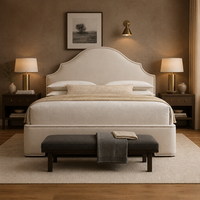 Lit moderne Queen/King avec cadre en bois artisanal, tête de lit serpentine en tissu Portman, capitonné avec clous décoratifs, haut de gamme et robuste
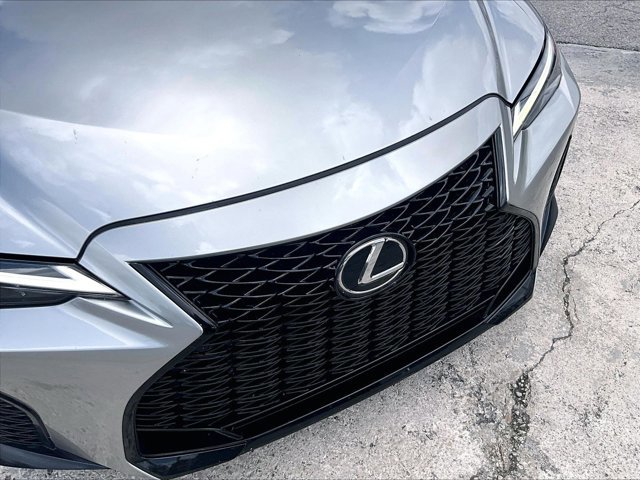 Used 2022 Lexus IS 350 F Sport RWD image 30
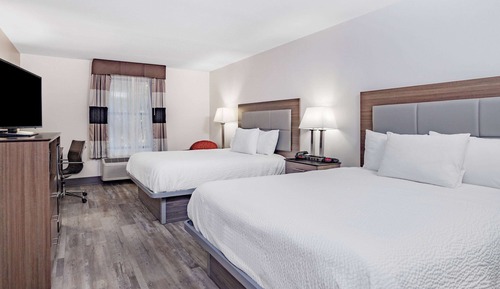 Habitación, 2 camas de matrimonio, accesible para personas con discapacidad, no fumadores (Mobility)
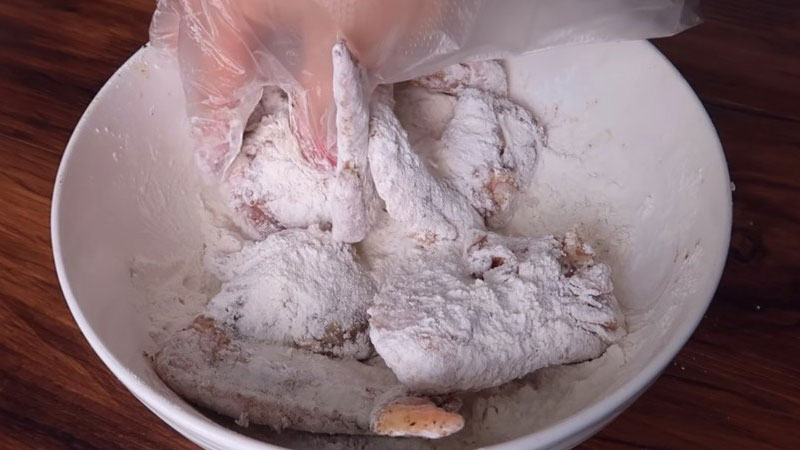 Trộn cánh gà cùng bột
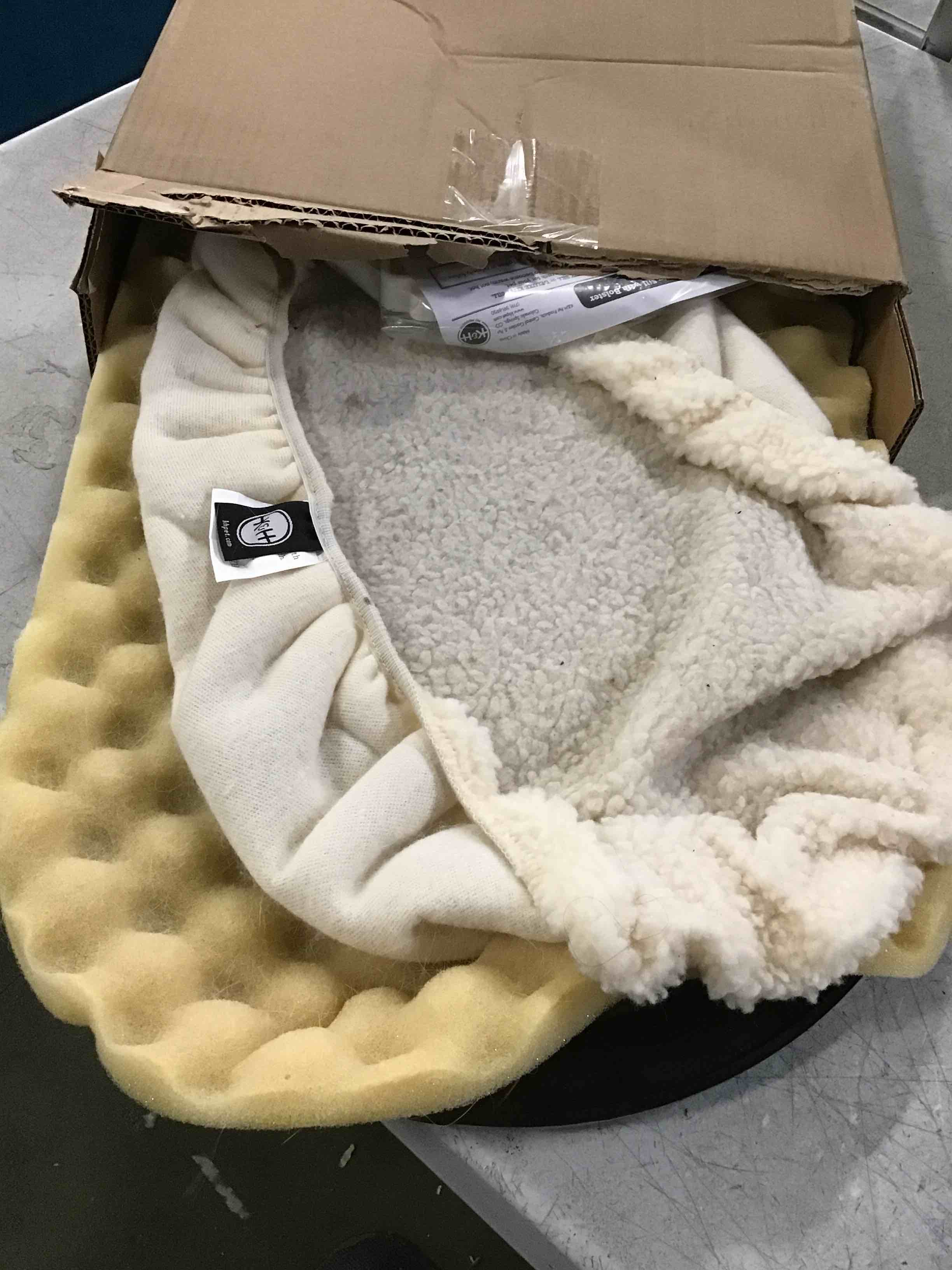 https://s3.amazonaws.com/lotting-images-prod/bidfta/BRN1993828_1746106329641.jpeg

→ **Instructions for the task**:
Restate word for word the lines beginning with the one that contains "Used 2022 Lexus IS 350 F Sport RWD image 30" and ending with the last line of the listing; pictures stay out.

→ **Response area**:
 Used 2022 Lexus IS 350 F Sport RWD image 30
 Habitación, 2 camas de matrimonio, accesible para personas con discapacidad, no fumadores (Mobility)
 Trộn cánh gà cùng bột
 https://s3.amazonaws.com/lotting-images-prod/bidfta/BRN1993828_1746106329641.jpeg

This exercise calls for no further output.